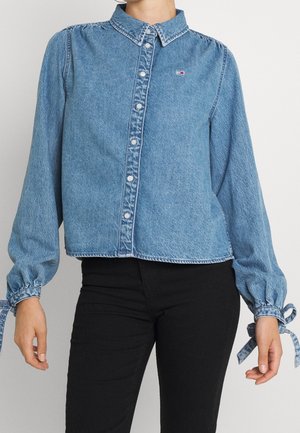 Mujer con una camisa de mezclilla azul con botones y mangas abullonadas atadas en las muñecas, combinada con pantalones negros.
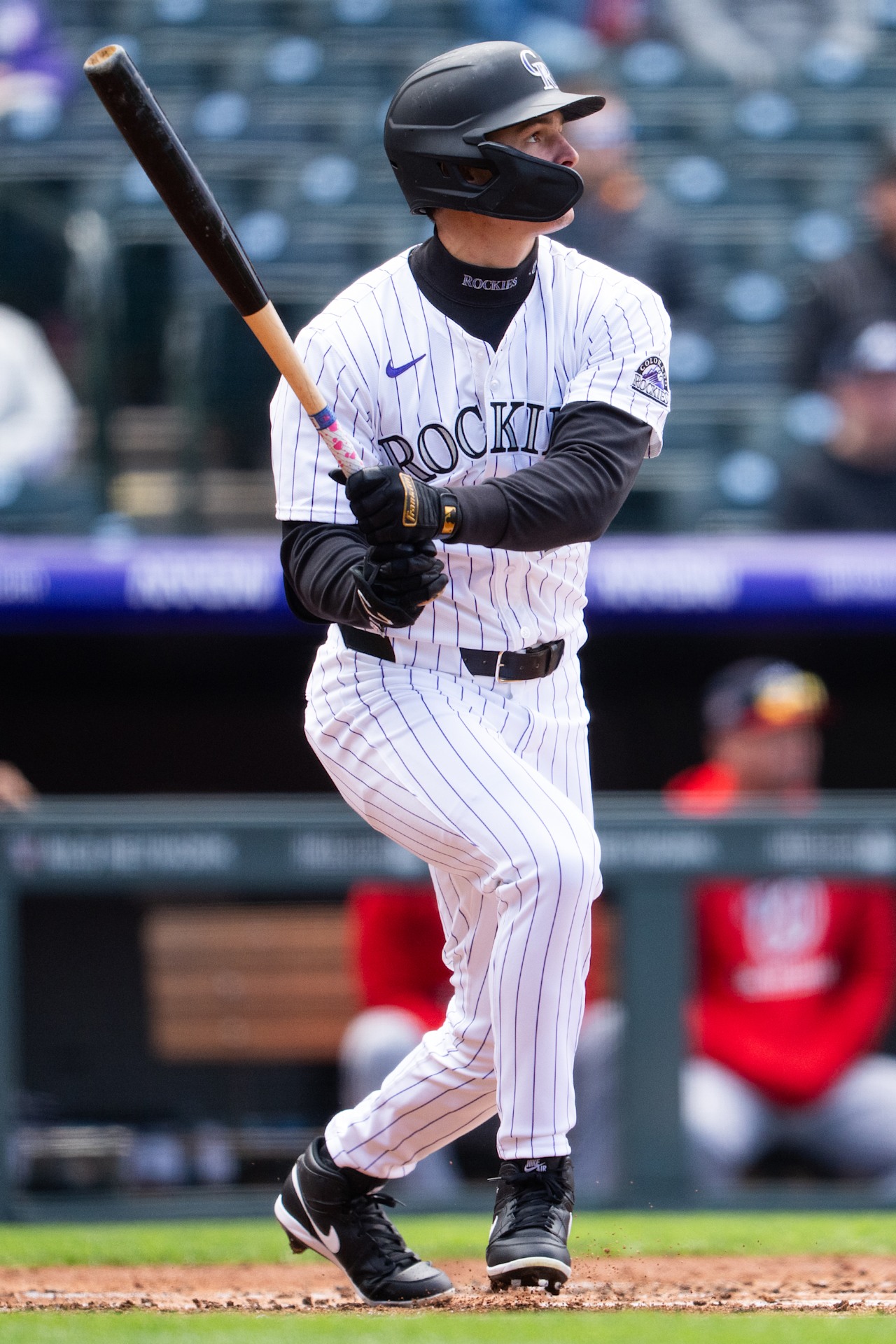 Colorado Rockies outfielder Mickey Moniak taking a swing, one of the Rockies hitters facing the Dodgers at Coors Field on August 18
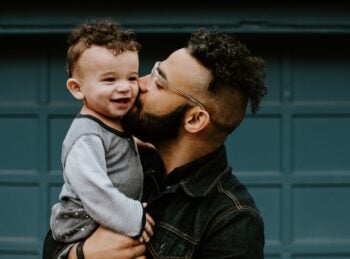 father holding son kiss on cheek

=-=-=

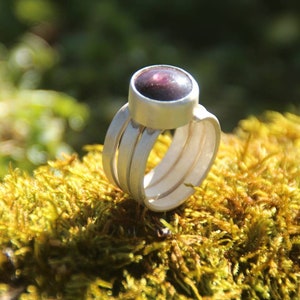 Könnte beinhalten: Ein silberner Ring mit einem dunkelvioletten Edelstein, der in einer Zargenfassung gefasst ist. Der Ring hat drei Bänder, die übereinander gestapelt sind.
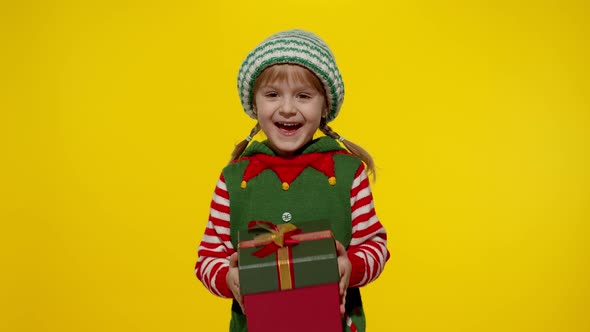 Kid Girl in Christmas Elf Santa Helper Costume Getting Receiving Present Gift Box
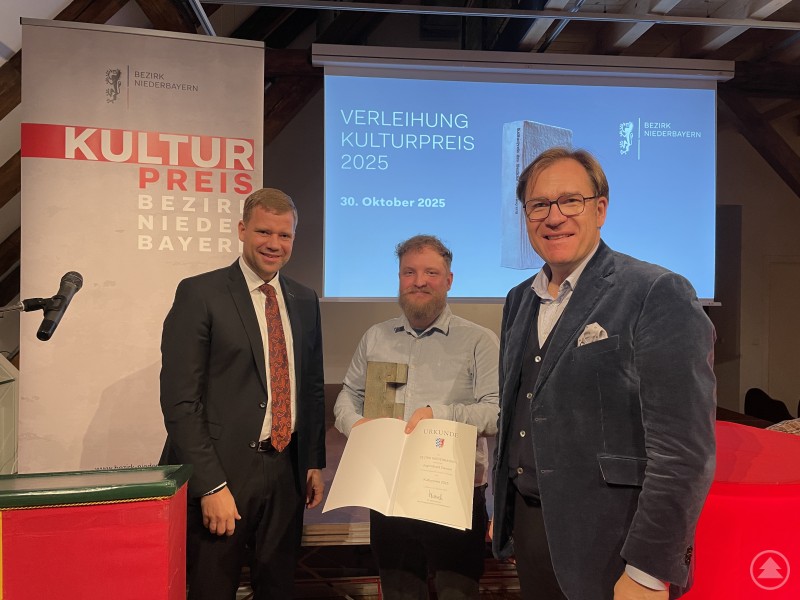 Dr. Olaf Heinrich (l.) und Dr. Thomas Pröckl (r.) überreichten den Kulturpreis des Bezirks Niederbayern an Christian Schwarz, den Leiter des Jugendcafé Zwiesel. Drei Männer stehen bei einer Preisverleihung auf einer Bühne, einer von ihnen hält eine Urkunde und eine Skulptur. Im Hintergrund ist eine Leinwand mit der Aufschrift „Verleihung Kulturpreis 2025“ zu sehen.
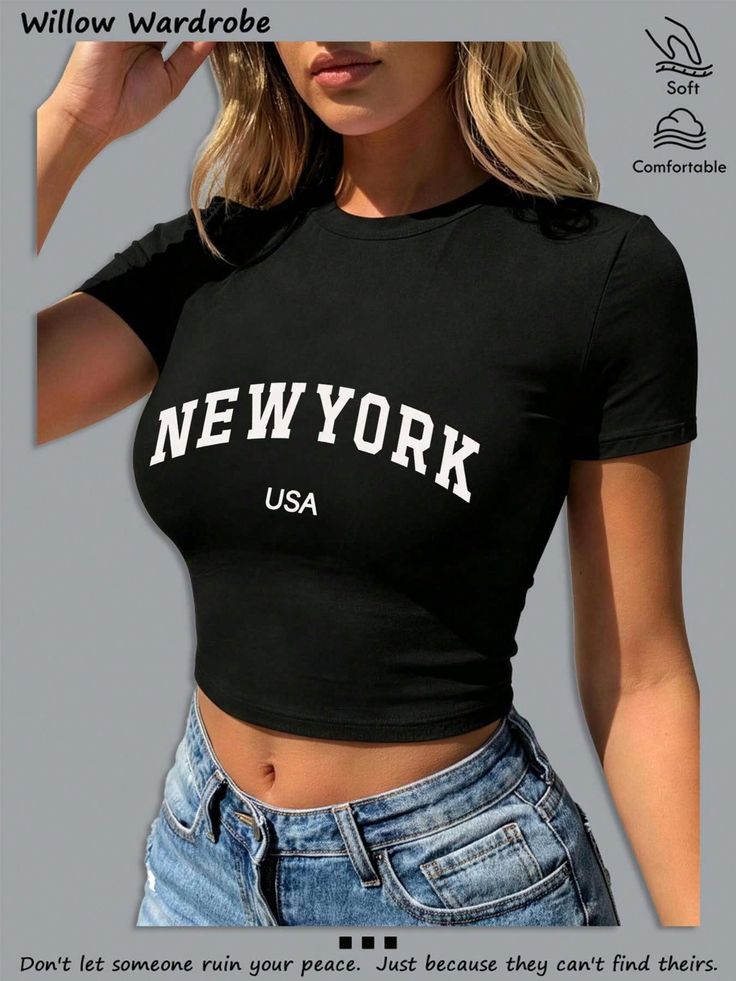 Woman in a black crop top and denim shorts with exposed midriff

=-=-=

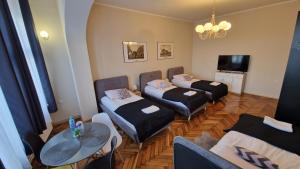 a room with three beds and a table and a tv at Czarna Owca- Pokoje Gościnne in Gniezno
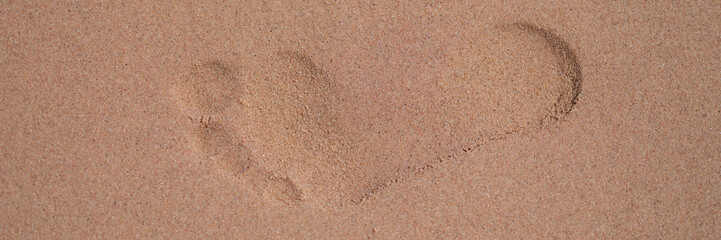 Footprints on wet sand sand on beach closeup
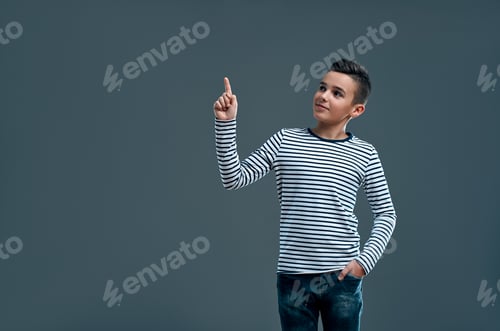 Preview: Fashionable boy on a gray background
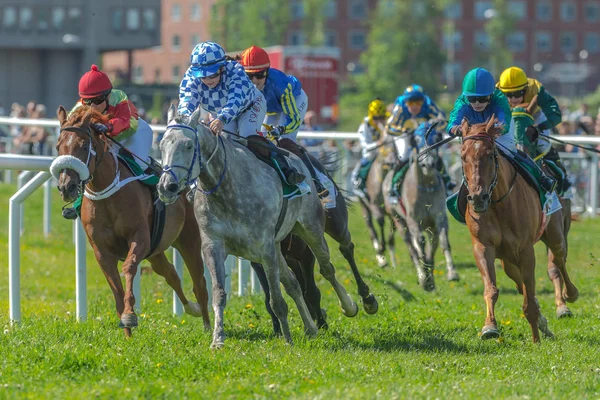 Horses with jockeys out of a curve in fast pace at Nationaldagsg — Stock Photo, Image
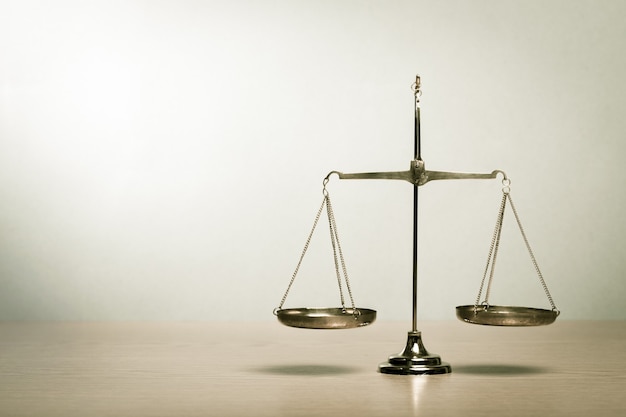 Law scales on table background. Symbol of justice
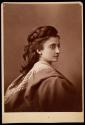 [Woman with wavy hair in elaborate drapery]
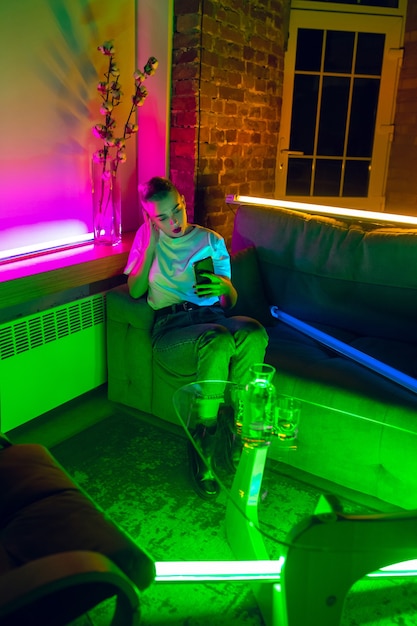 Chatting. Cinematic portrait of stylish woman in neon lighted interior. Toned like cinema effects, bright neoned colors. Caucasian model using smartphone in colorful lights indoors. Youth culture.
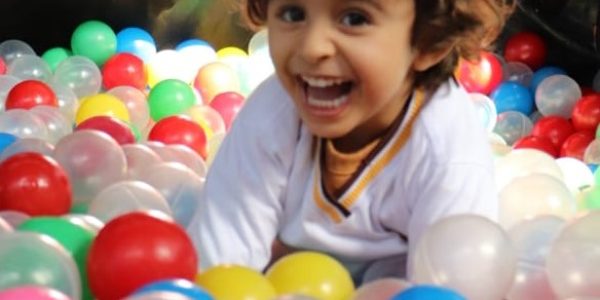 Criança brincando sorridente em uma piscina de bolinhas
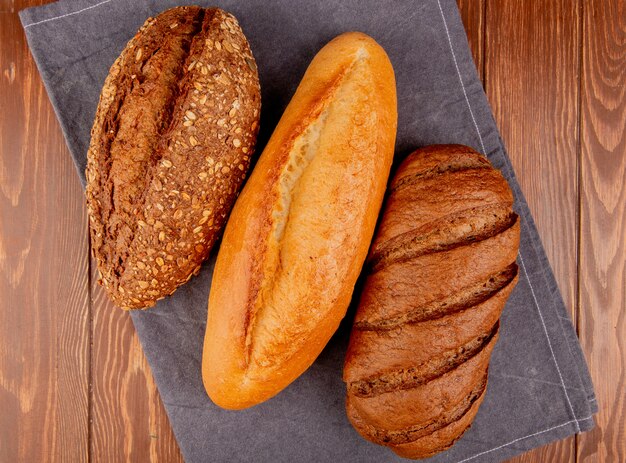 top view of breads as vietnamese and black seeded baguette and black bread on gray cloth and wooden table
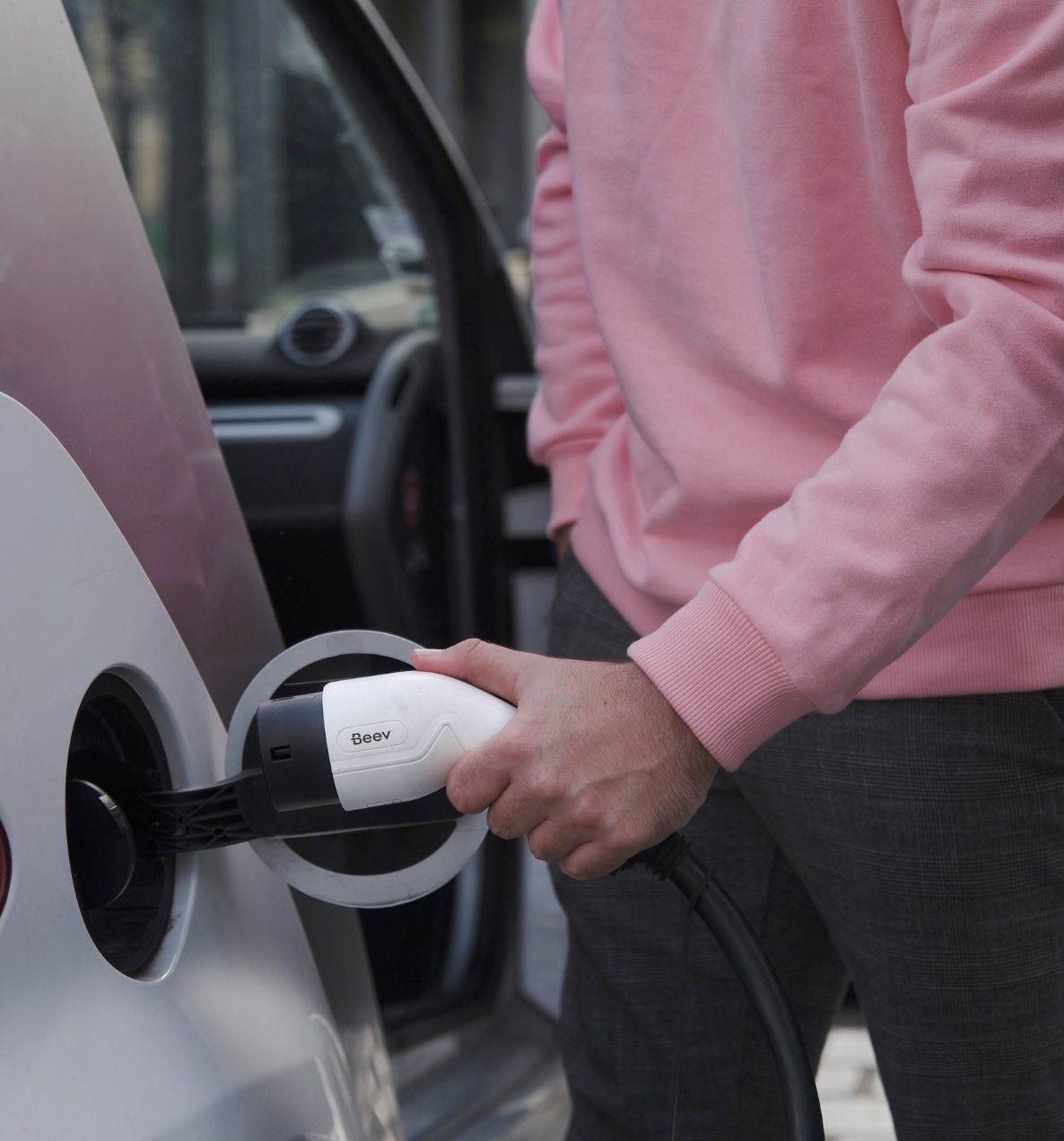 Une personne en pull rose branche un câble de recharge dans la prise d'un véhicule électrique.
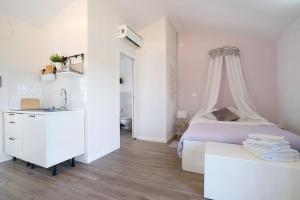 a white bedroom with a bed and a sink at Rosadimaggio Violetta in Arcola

=-=-=

- What to work on:
What you write must match the listing exactly, from the line with "Mujer con una" up to and including the line with "father holding son kiss on cheek". Pictures stay out.

- Your solution:
 Mujer con una camisa de mezclilla azul con botones y mangas abullonadas atadas en las muñecas, combinada con pantalones negros.
 Colorado Rockies outfielder Mickey Moniak taking a swing, one of the Rockies hitters facing the Dodgers at Coors Field on August 18
 father holding son kiss on cheek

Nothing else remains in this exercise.